Internal Medicine, Hospital Senhora da Oliveira, Guimarães, PRT.
Cureus. 2024 Nov 14;16(11):e73685. doi: 10.7759/cureus.73685. eCollection 2024 Nov.
Emphysematous cystitis (EC) is a rare, life-threatening urinary tract infection (UTI) characterized by gas formation within the bladder wall and lumen. It predominantly occurs in patients with poorly controlled diabetes. We present a case of a 61-year-old male with poorly controlled diabetes and chronic alcoholism who was admitted in a comatose state due to severe septic shock secondary to EC. Initial management included mechanical ventilation, vasopressor support, and broad-spectrum antibiotics. Cultures revealed resistant to the initial therapy, prompting a switch to Meropenem. With prompt multidisciplinary intervention, the patient gradually recovered, was successfully extubated, and was transferred from the ICU by day 5. He was discharged from the hospital on day 17 with full clinical recovery. This case highlights the critical role of early diagnosis, appropriate antimicrobial therapy, and intensive supportive care in managing severe cases of EC with multiorgan failure.

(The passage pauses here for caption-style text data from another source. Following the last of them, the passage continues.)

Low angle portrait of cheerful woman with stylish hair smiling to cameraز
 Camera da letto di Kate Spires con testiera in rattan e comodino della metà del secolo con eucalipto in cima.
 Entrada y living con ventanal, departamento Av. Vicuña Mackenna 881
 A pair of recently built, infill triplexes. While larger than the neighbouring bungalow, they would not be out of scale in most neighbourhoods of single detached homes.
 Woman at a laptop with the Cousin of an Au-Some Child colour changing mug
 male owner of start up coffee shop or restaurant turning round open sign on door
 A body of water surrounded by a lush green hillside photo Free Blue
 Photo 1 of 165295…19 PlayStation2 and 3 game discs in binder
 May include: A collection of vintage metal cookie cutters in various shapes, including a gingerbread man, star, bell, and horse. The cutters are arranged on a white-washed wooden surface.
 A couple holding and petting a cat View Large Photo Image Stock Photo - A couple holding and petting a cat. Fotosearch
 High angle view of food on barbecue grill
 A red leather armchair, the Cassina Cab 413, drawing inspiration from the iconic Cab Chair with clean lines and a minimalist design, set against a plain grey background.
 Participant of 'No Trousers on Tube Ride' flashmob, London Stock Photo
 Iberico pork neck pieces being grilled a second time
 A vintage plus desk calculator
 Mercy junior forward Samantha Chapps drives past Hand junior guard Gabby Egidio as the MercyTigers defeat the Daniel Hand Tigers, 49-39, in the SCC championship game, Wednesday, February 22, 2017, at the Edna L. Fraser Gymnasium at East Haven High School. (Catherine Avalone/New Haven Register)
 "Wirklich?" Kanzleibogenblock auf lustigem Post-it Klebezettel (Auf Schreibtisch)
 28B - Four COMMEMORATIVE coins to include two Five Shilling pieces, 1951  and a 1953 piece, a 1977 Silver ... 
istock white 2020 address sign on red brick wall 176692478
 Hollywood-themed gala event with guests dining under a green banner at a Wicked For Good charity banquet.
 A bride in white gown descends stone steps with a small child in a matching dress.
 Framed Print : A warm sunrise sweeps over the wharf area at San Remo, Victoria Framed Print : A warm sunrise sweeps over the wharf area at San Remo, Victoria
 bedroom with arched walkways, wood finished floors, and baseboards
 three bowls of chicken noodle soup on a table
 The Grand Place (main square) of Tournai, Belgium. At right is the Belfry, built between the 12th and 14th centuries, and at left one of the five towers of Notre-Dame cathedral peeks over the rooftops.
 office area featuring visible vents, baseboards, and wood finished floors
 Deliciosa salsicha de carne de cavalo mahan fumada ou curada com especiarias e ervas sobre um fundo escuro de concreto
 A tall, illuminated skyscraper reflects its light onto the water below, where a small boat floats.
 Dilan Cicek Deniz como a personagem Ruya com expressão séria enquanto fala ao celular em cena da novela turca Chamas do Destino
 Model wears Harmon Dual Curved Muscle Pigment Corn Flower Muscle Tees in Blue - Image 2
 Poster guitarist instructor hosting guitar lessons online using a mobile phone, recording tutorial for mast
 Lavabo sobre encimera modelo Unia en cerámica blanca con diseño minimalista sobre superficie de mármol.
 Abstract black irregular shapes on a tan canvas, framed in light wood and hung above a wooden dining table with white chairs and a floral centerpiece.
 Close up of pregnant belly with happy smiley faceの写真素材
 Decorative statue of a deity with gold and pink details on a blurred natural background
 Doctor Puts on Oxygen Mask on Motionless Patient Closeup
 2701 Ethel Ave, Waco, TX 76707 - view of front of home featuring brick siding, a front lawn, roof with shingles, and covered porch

气肿性膀胱炎(EC)是一种罕见的、危及生命的尿路感染(UTI),其特征是膀胱壁和腔内形成气体。它主要发生在糖尿病控制不佳的患者中。我们报告一例61岁男性病例,该患者糖尿病控制不佳且患有慢性酒精中毒,因气肿性膀胱炎继发严重感染性休克而昏迷入院。初始治疗包括机械通气、血管活性药物支持和广谱抗生素。培养结果显示对初始治疗耐药,促使改用美罗培南。通过及时的多学科干预,患者逐渐康复,成功脱机,并在第5天从重症监护病房转出。他于第17天临床完全康复出院。该病例突出了早期诊断、适当的抗菌治疗和强化支持治疗在管理伴有多器官功能衰竭的严重气肿性膀胱炎病例中的关键作用。